EXERCISE DESCRIPTION – Print only the lines from the one with "6949c94c 34da 4823" through the end of the data, exactly, and please omit pictures.
----
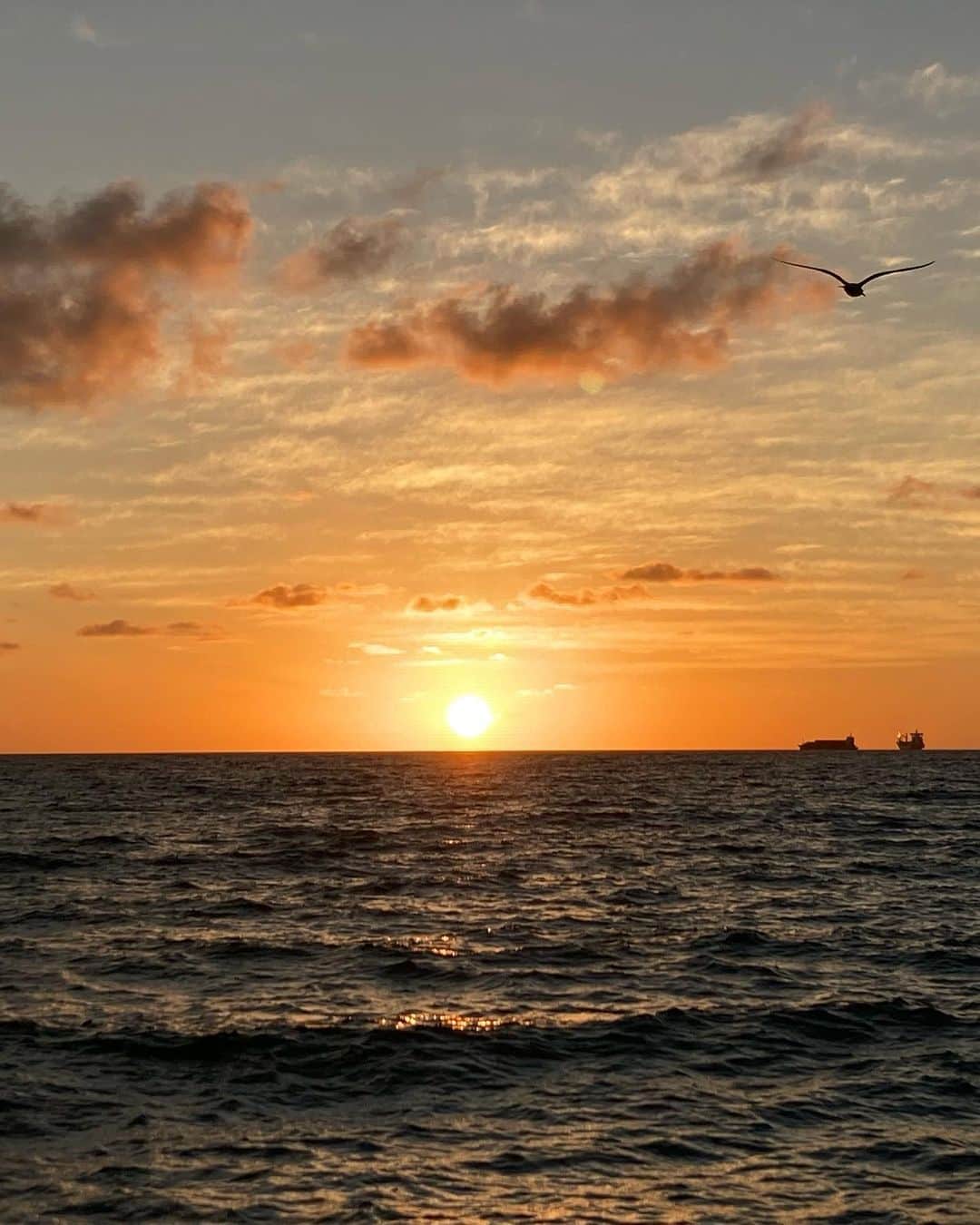 白鳥羽純のインスタグラム：「🌅 マイアミのSunset…? Sunrise…? 朝方と夕方って似てるからなあ笑笑  #newyeartravel #Miami #sunriseorsunset」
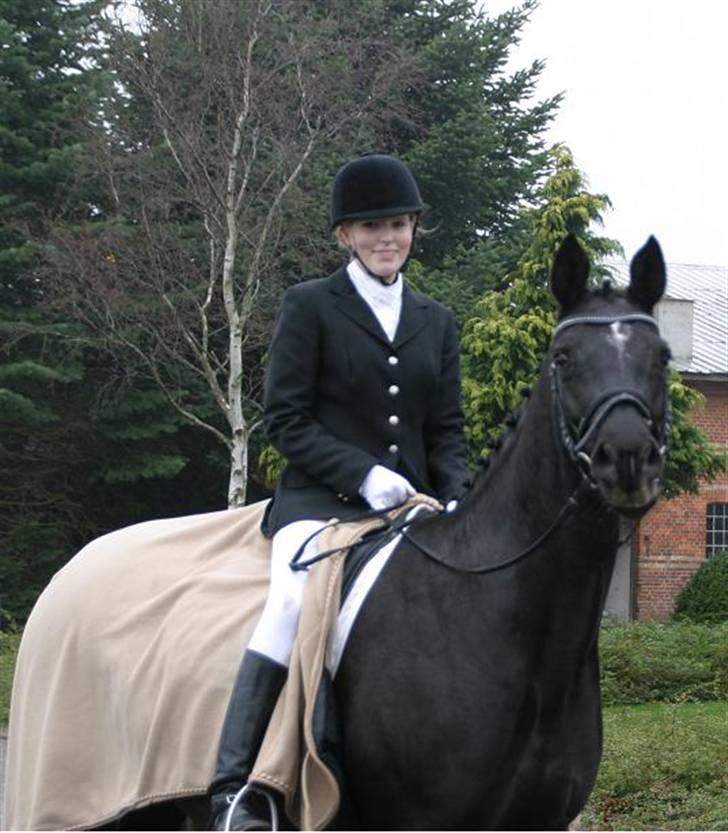 Tysk Sportspony Starlight <3 *Tøsen* *solgt* - Stævne  billede 15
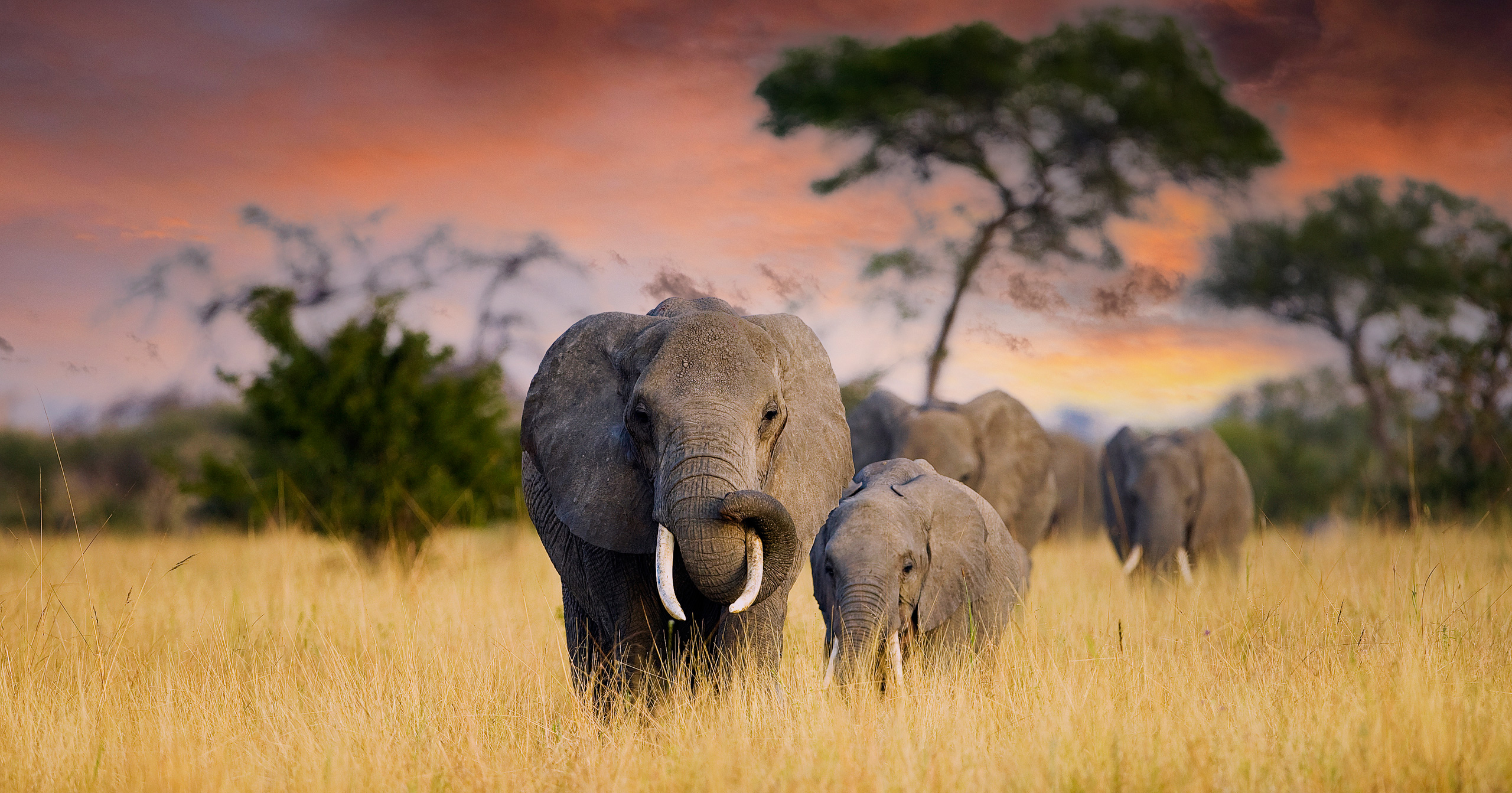 East Africa
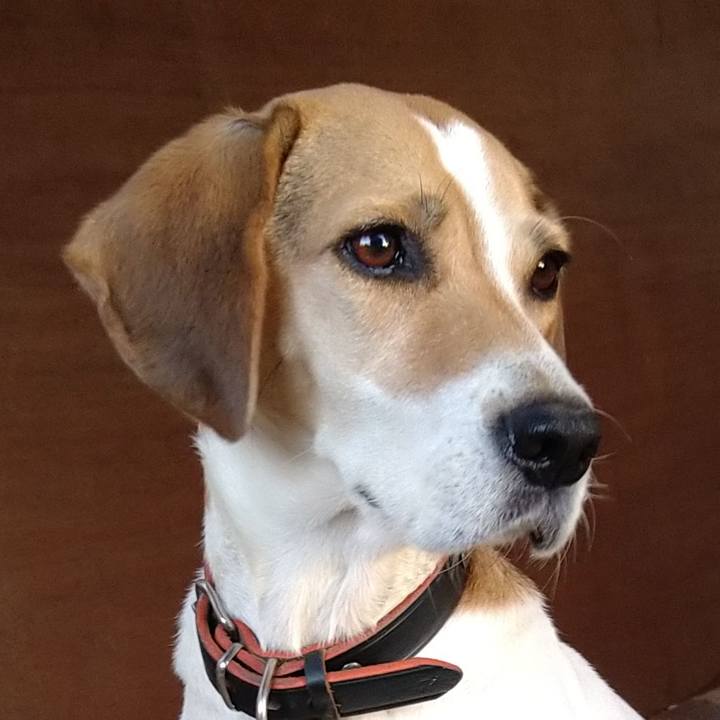 6949c94c 34da 4823 93ab 411d1b0d1fd5 1637902864821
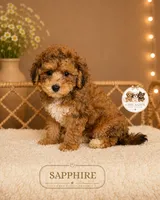 Sapphire, a female Shihpoo for sale in Elmhurst, IL – 2 of 2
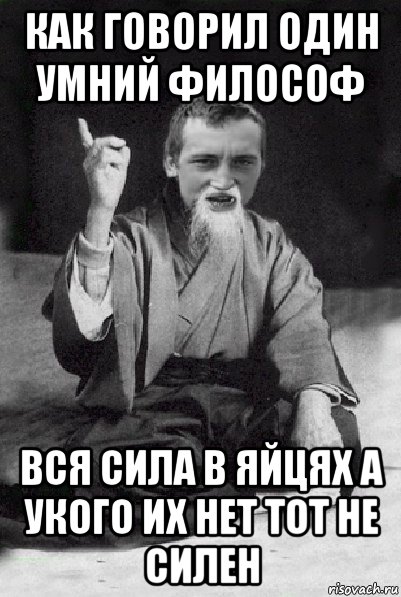 как говорил один умний философ вся сила в яйцях а укого их нет тот не силен, Мем Мудрий паца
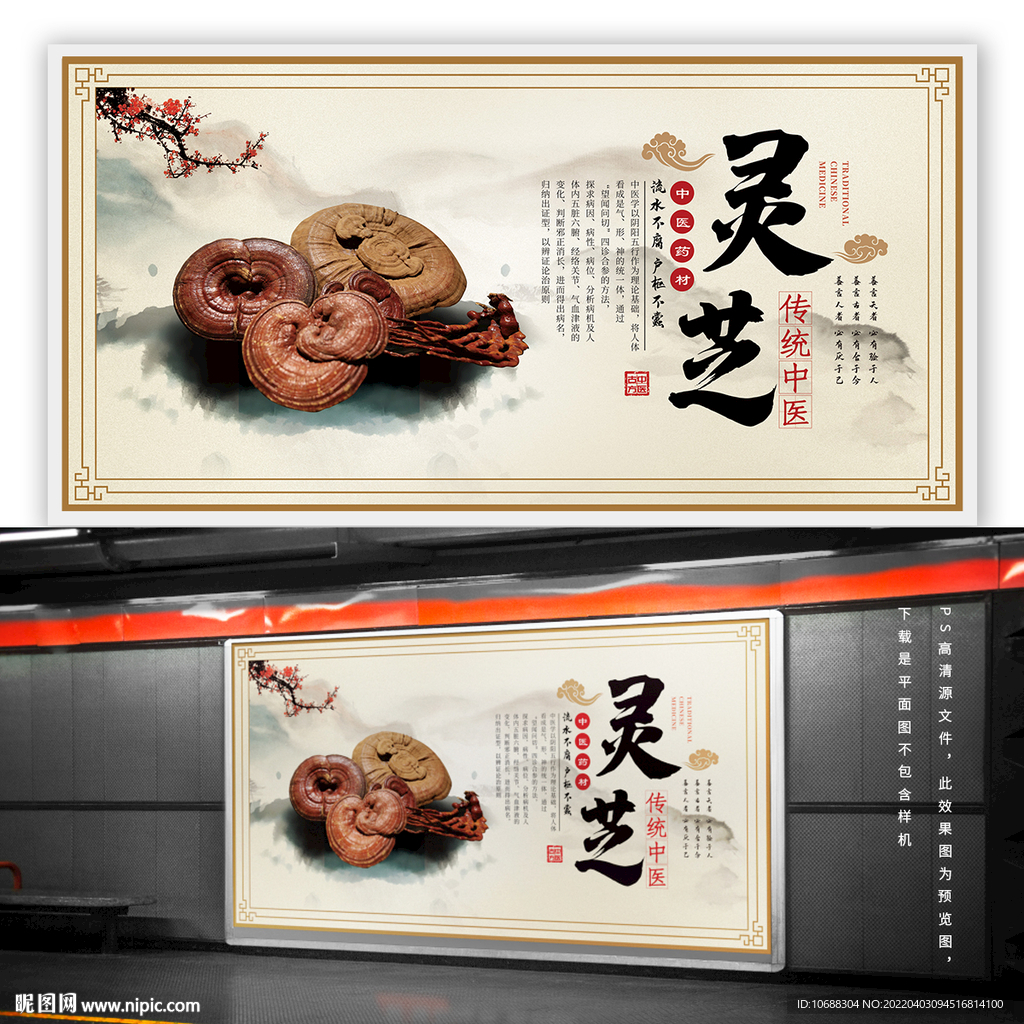 中药灵芝海报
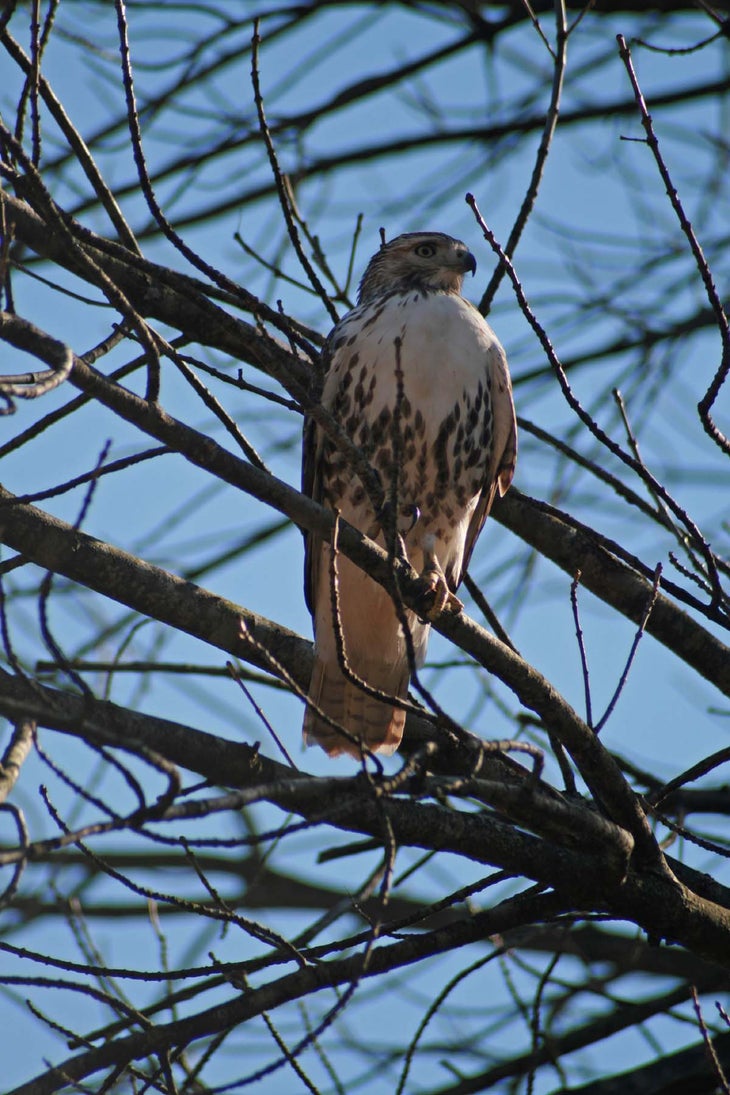 Hawk None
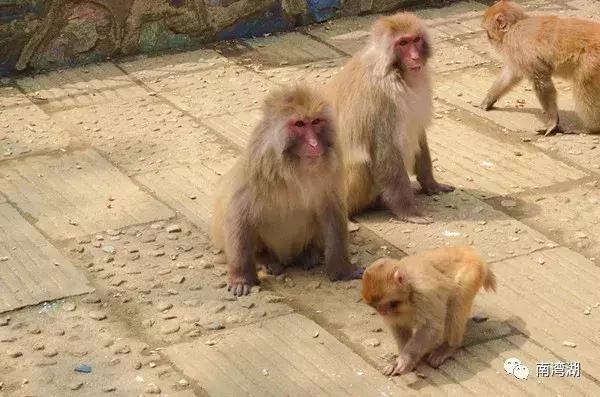 信阳十一自驾游推荐表南湾湖,十一假期旅游推荐信阳自驾游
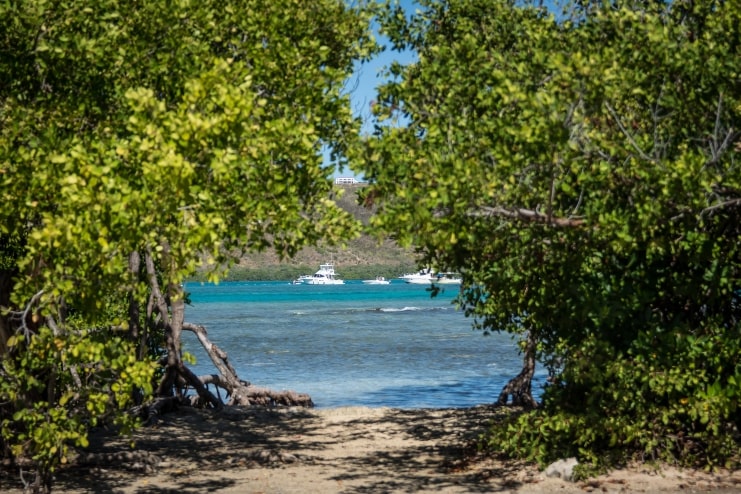 image of Isla de la Mona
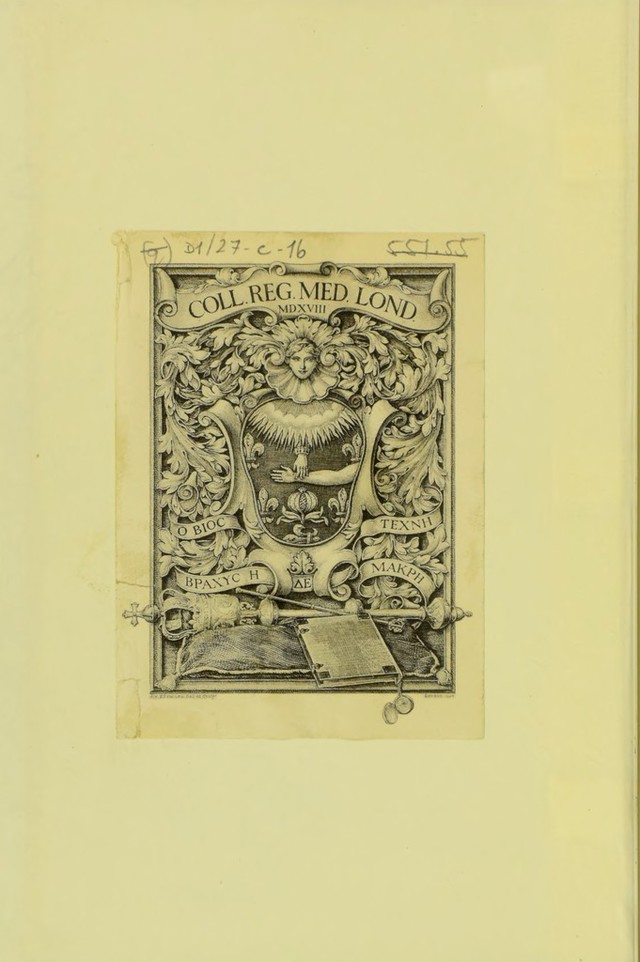 digitised image 2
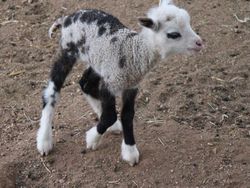 Wujud Hewan Kawin Silang yang Sungguhan Ada, Bukan Editan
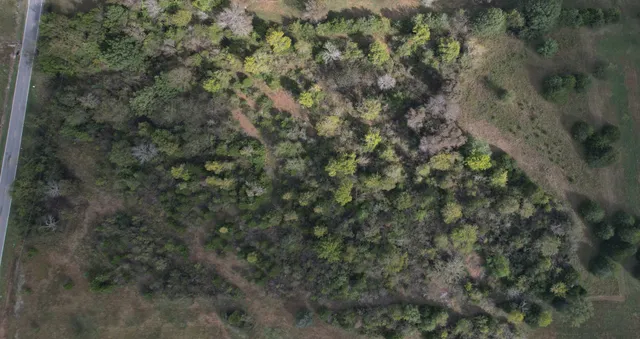 a view of a forest with a tree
----
RESPONSE TO THE EXERCISE –
 6949c94c 34da 4823 93ab 411d1b0d1fd5 1637902864821
 Sapphire, a female Shihpoo for sale in Elmhurst, IL – 2 of 2
 как говорил один умний философ вся сила в яйцях а укого их нет тот не силен, Мем Мудрий паца
 中药灵芝海报
 Hawk None
 信阳十一自驾游推荐表南湾湖,十一假期旅游推荐信阳自驾游
 image of Isla de la Mona
 digitised image 2
 Wujud Hewan Kawin Silang yang Sungguhan Ada, Bukan Editan
 a view of a forest with a tree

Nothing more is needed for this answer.